* _Exercise materials_
-- Opening Marker --
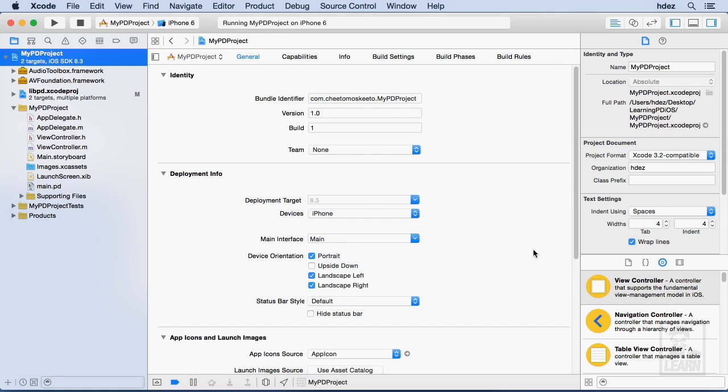Save that and the next thing that I need to do is initialize my pd instance within Xcode.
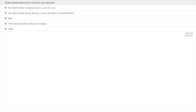The other choices are: a money service business, a casino, or non-bank financial institution; a bank; a third party such as an audit or due diligence company; or other. Choose your answer and after you've chosen, hit submit at the bottom of the screen. We want to make sure that everybody gets a chance to weigh in on this question.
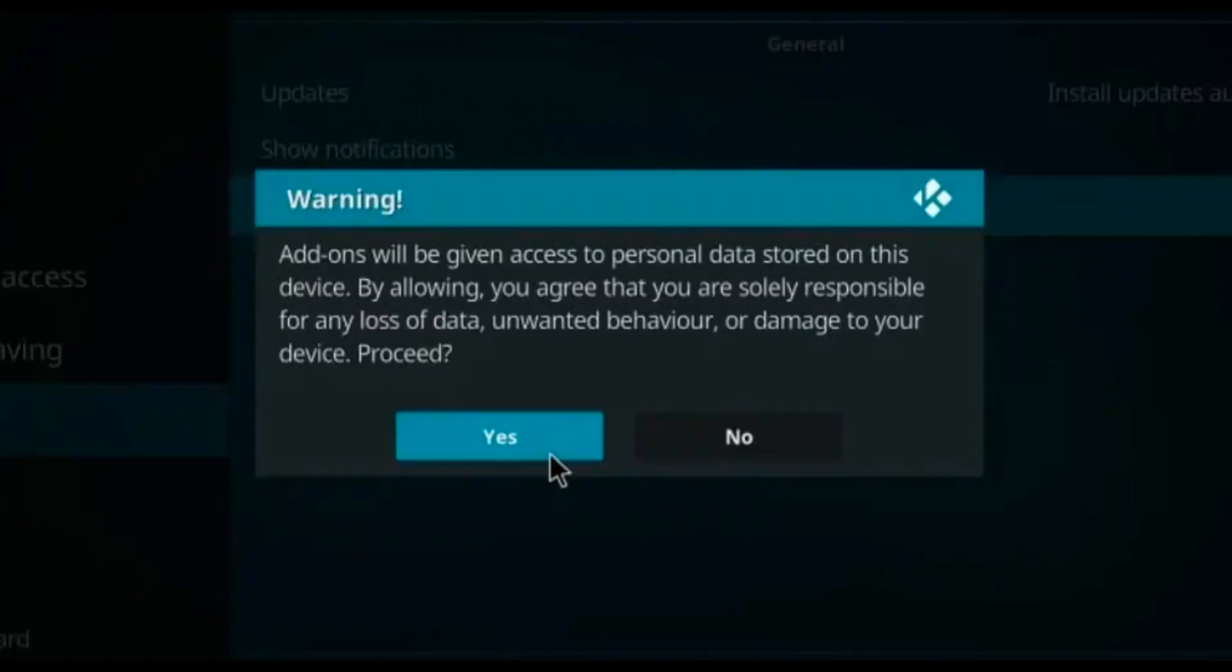Now here as you can see on the box, add-ons will be given access to personal data stored on this device. By allowing, you agree that you are solely responsible for any loss of data, unwanted behavior, or damage to your device. So if you proceed, just need to tap on yes.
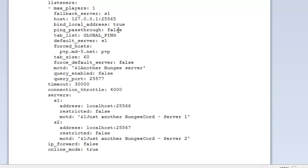Ping passthrough - this is a boolean true or false, and this is whether or not to pass the ping through to get the target server. Tab list - there are two types of strings we can put. The first is global ping, which will show all the players connected to the BungeeCord proxy complete with the ping. We also have global server, which will show all the local players on that local server. So if you want to have everyone across the network, use global ping. If you want just an individual server by default, then use global server. You can also have global on its own, which serves the same purpose as global ping but just doesn't show the ping.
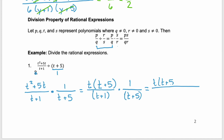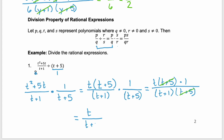Now we simplify. The numerator and denominator both have the factor t plus 5 in common, so that simplifies out. Our numerator is now t times 1, or just t, and our denominator is t plus 1. So remember: dividing rational expressions means copying that first rational expression and multiplying by the reciprocal of the second, then following that same multiplication property for rational expressions.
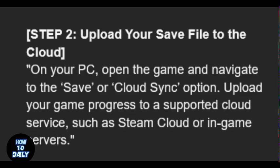On your PC, open the game and navigate to the save or cloud sync option. Upload your game progress to a supported cloud service, such as Steam Cloud or in-game servers.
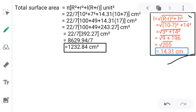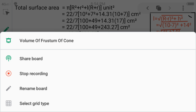Taking l = 14.31 cm into the formula: (22/7) × (100 + 49 + 14.31 × 17). With simple calculations we get the total surface area as 1232.84 cm². In this way we can find the volume and total surface area of a frustum of a cone using simple equations. Thanks for watching. Thank you.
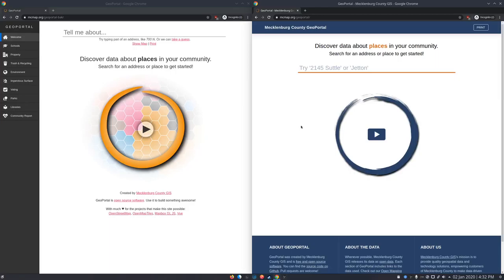Happy New Year, folks! I just released a new version of GeoPortal. GeoPortal is our local government frequently asked questions kind of portal site, so you can figure out where your kids are going to go to school, or when your trash is going to be picked up, or whether you should buy big buckets for the next time it rains — things that your citizens really need to know. It's been one of our most popular sites, getting around 20,000 to 25,000 users a month.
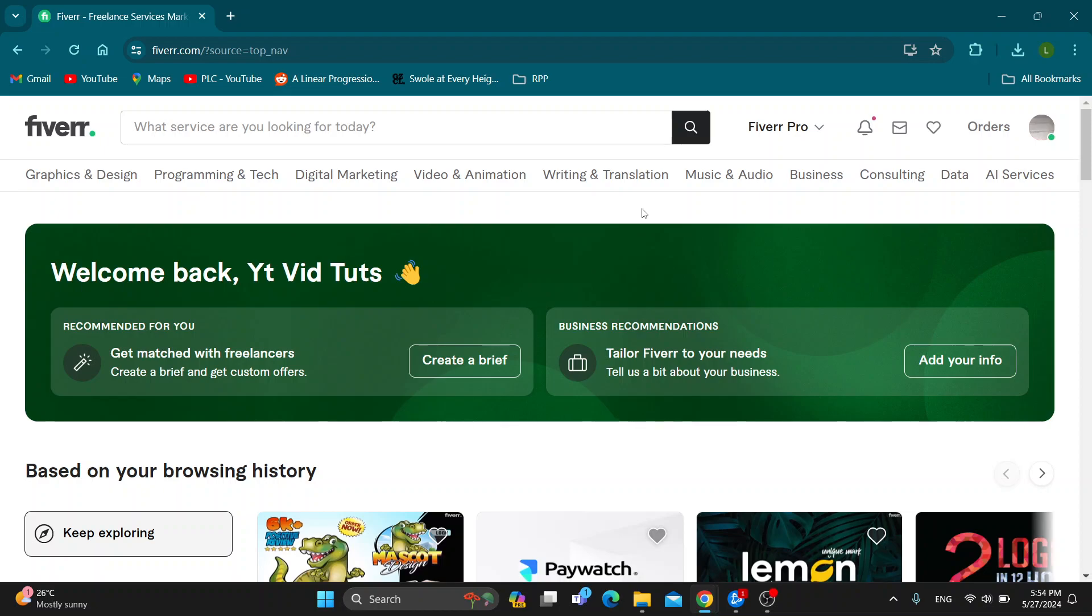Hey everybody, what's up and welcome back to today's video. Today I'm going to show you how to reactivate a gig on Fiverr that you have posted.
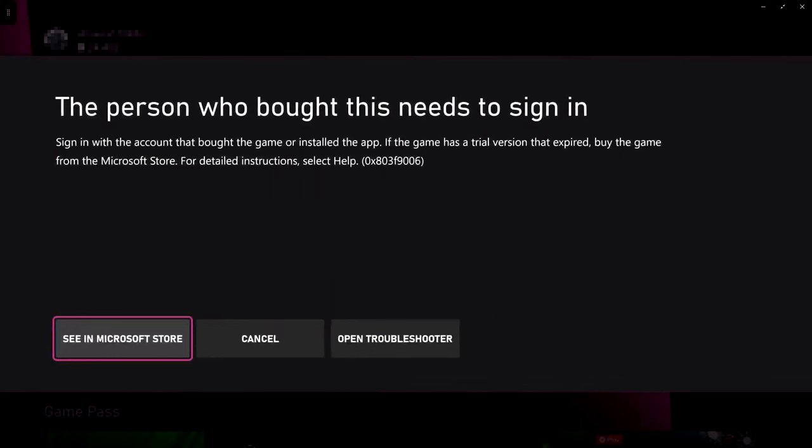In this video I'll be showing you how to get rid of the error message that's on my screen at the moment that says the person who bought this needs to be signed in.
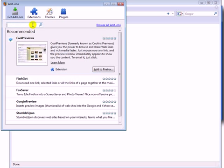If you know a specific add-on you want to search for, type it in here and click this button. If you'd like to browse all the add-ons available, click right here.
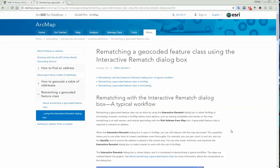For more information you can go to the ArcGIS online resources page and just google or search up here for rematching and reviewing geocoded addresses.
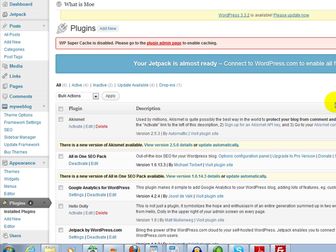Hey, how's it going? It's Mo with MoesWebTips.com and I have a WordPress plugin tip for you.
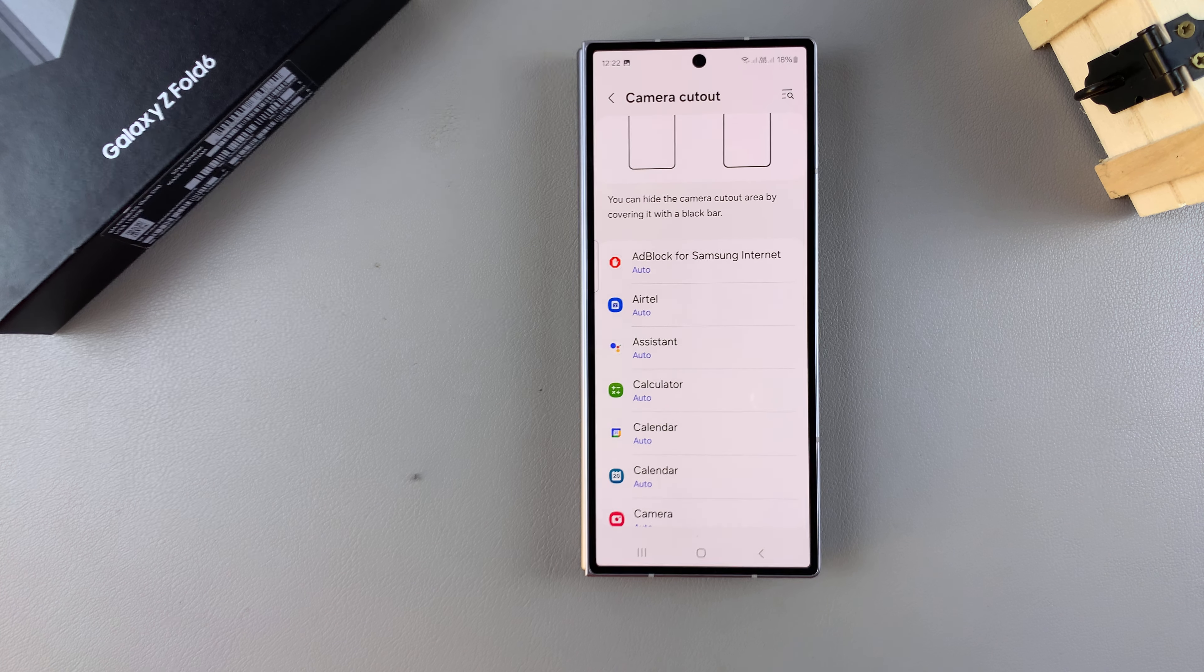The first step is to go to the cover screen because that feature isn't enabled when your phone is unfolded. So fold your phone and access the cover screen, then from here you want to begin by going to Settings.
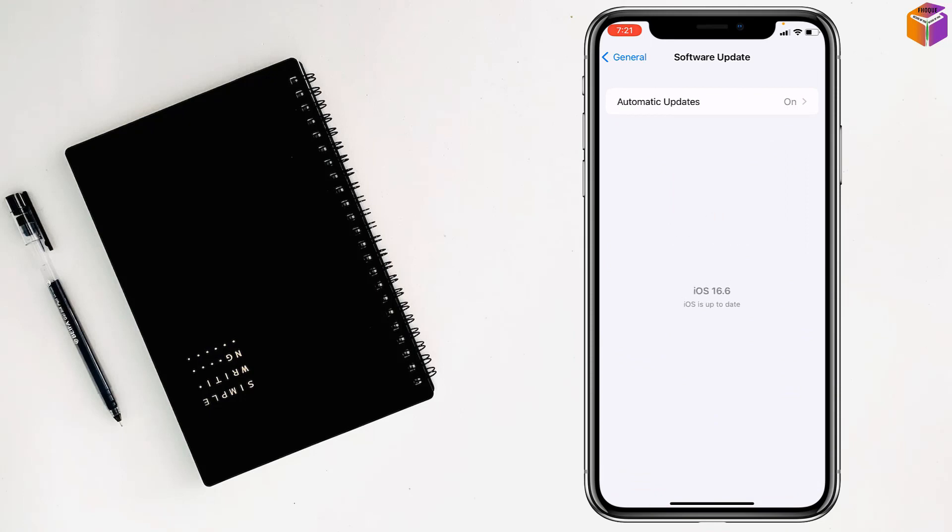Then check if your problem has been fixed or not. If not, you have to go for the third solution. For the third solution, you have to go to Settings again.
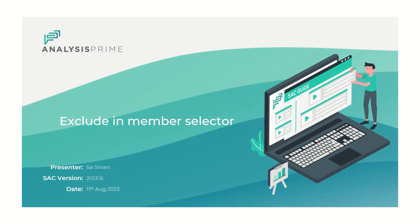Hi, Sai here. I am part of the delivery and implementation team at Analysis Prime. In this video blog, I would like to demo a new feature which was introduced as part of 2023 QRC 3 release.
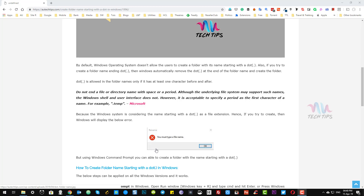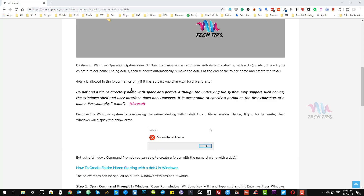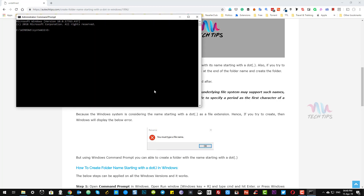There is a way to create a folder name starting with a dot in Windows. To do that, open Command Prompt, go to the path where you want to create the folder, and type the mkdir command followed by the folder name starting with a dot — for example, '.au-tech-tips'. The folder starting with the dot will be created in the D drive.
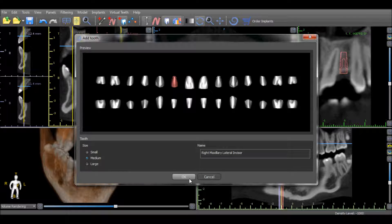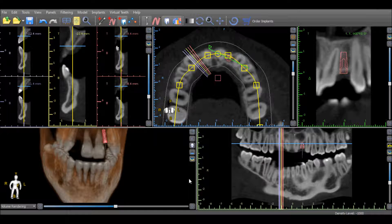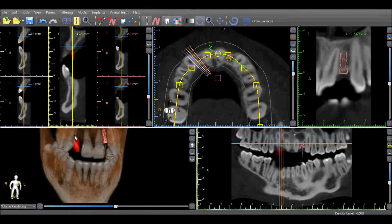Left-click in any view to place the virtual tooth in the desired location. The location can be modified by grabbing and dragging and moving it in any of the views, as well as rotating it and changing the angle in the 3D view.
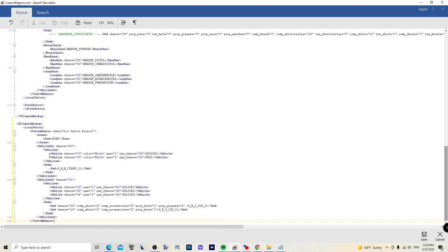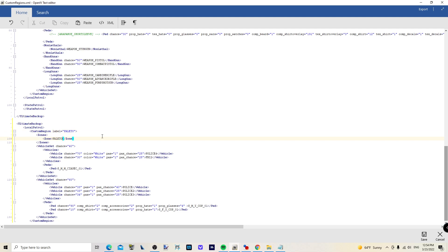We're going to paste this in and start here. In our custom region, we're going to name it 'Palito'. Under Zones, this is where you tell it what zones you want — that one was just 'PALITO', so type that in. Here are your Vehicle Sets — if you have replacement vehicles or something like a Grimes Palito Bay pack, you'd go through this list and put those in under Vehicles, along with your chances and vehicle names.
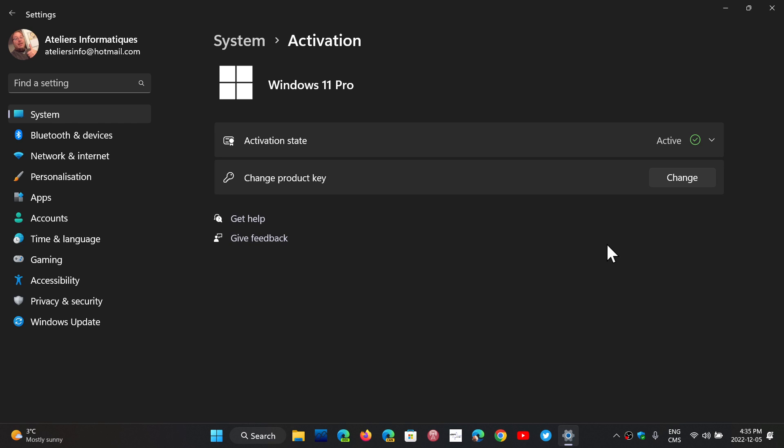But if you were on Windows 7 and the systems that were the more basic ones, then you'll have to use the Windows 11 standard version, the home version basically, rather than the Windows 11 Pro.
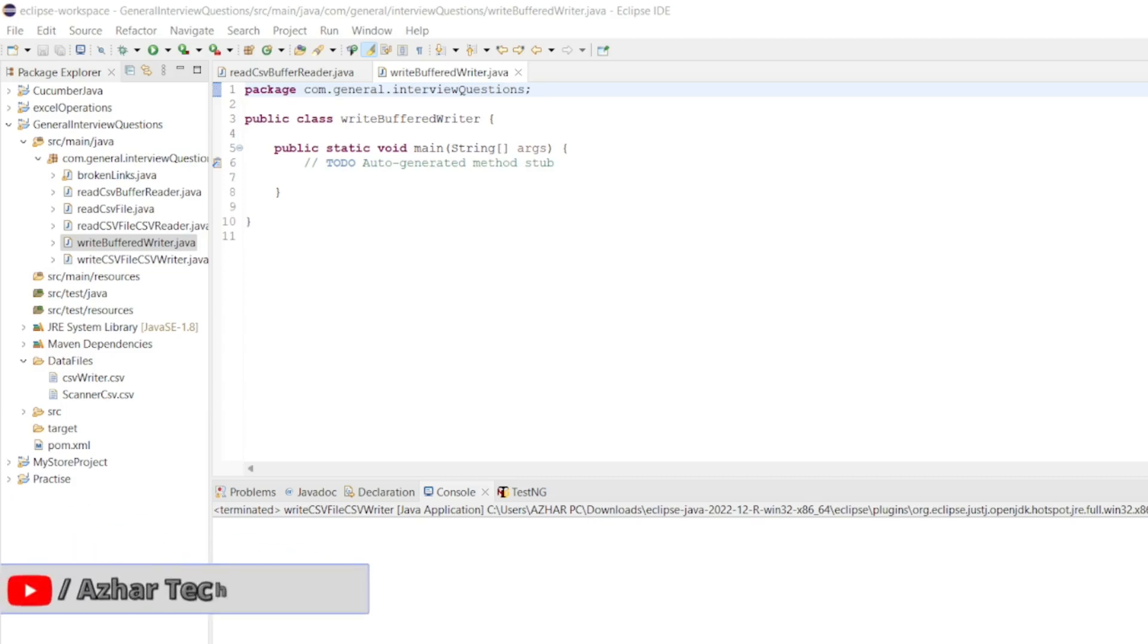Hello viewers, how are you all? Welcome back to another video. In this video we are going to discuss how to write data into a CSV file using BufferedWriter.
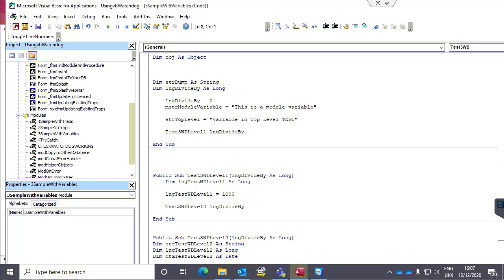It works with runtime as well. Obviously you don't see the actual code of what's caused the error in an ACCDE, but you will see the line number, so you'll be able to go back to your source and see. You may well be thinking about tracking errors that you anticipate — you can use the standard on-error-go-to procedure in Watchdog, and it will recognize the error and use your error handler without any problems.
-- Closing Marker --
* _Work task_
Set the listing above down again exactly, leaving pictures out.

* _Solution_
Save that and the next thing that I need to do is initialize my pd instance within Xcode.
The other choices are: a money service business, a casino, or non-bank financial institution; a bank; a third party such as an audit or due diligence company; or other. Choose your answer and after you've chosen, hit submit at the bottom of the screen. We want to make sure that everybody gets a chance to weigh in on this question.
Now here as you can see on the box, add-ons will be given access to personal data stored on this device. By allowing, you agree that you are solely responsible for any loss of data, unwanted behavior, or damage to your device. So if you proceed, just need to tap on yes.
Ping passthrough - this is a boolean true or false, and this is whether or not to pass the ping through to get the target server. Tab list - there are two types of strings we can put. The first is global ping, which will show all the players connected to the BungeeCord proxy complete with the ping. We also have global server, which will show all the local players on that local server. So if you want to have everyone across the network, use global ping. If you want just an individual server by default, then use global server. You can also have global on its own, which serves the same purpose as global ping but just doesn't show the ping.
Now we simplify. The numerator and denominator both have the factor t plus 5 in common, so that simplifies out. Our numerator is now t times 1, or just t, and our denominator is t plus 1. So remember: dividing rational expressions means copying that first rational expression and multiplying by the reciprocal of the second, then following that same multiplication property for rational expressions.
On your PC, open the game and navigate to the save or cloud sync option. Upload your game progress to a supported cloud service, such as Steam Cloud or in-game servers.
Taking l = 14.31 cm into the formula: (22/7) × (100 + 49 + 14.31 × 17). With simple calculations we get the total surface area as 1232.84 cm². In this way we can find the volume and total surface area of a frustum of a cone using simple equations. Thanks for watching. Thank you.
Happy New Year, folks! I just released a new version of GeoPortal. GeoPortal is our local government frequently asked questions kind of portal site, so you can figure out where your kids are going to go to school, or when your trash is going to be picked up, or whether you should buy big buckets for the next time it rains — things that your citizens really need to know. It's been one of our most popular sites, getting around 20,000 to 25,000 users a month.
Hey everybody, what's up and welcome back to today's video. Today I'm going to show you how to reactivate a gig on Fiverr that you have posted.
In this video I'll be showing you how to get rid of the error message that's on my screen at the moment that says the person who bought this needs to be signed in.
If you know a specific add-on you want to search for, type it in here and click this button. If you'd like to browse all the add-ons available, click right here.
For more information you can go to the ArcGIS online resources page and just google or search up here for rematching and reviewing geocoded addresses.
Hey, how's it going? It's Mo with MoesWebTips.com and I have a WordPress plugin tip for you.
The first step is to go to the cover screen because that feature isn't enabled when your phone is unfolded. So fold your phone and access the cover screen, then from here you want to begin by going to Settings.
Then check if your problem has been fixed or not. If not, you have to go for the third solution. For the third solution, you have to go to Settings again.
Hi, Sai here. I am part of the delivery and implementation team at Analysis Prime. In this video blog, I would like to demo a new feature which was introduced as part of 2023 QRC 3 release.
There is a way to create a folder name starting with a dot in Windows. To do that, open Command Prompt, go to the path where you want to create the folder, and type the mkdir command followed by the folder name starting with a dot — for example, '.au-tech-tips'. The folder starting with the dot will be created in the D drive.
Left-click in any view to place the virtual tooth in the desired location. The location can be modified by grabbing and dragging and moving it in any of the views, as well as rotating it and changing the angle in the 3D view.
We're going to paste this in and start here. In our custom region, we're going to name it 'Palito'. Under Zones, this is where you tell it what zones you want — that one was just 'PALITO', so type that in. Here are your Vehicle Sets — if you have replacement vehicles or something like a Grimes Palito Bay pack, you'd go through this list and put those in under Vehicles, along with your chances and vehicle names.
But if you were on Windows 7 and the systems that were the more basic ones, then you'll have to use the Windows 11 standard version, the home version basically, rather than the Windows 11 Pro.
Hello viewers, how are you all? Welcome back to another video. In this video we are going to discuss how to write data into a CSV file using BufferedWriter.
It works with runtime as well. Obviously you don't see the actual code of what's caused the error in an ACCDE, but you will see the line number, so you'll be able to go back to your source and see. You may well be thinking about tracking errors that you anticipate — you can use the standard on-error-go-to procedure in Watchdog, and it will recognize the error and use your error handler without any problems.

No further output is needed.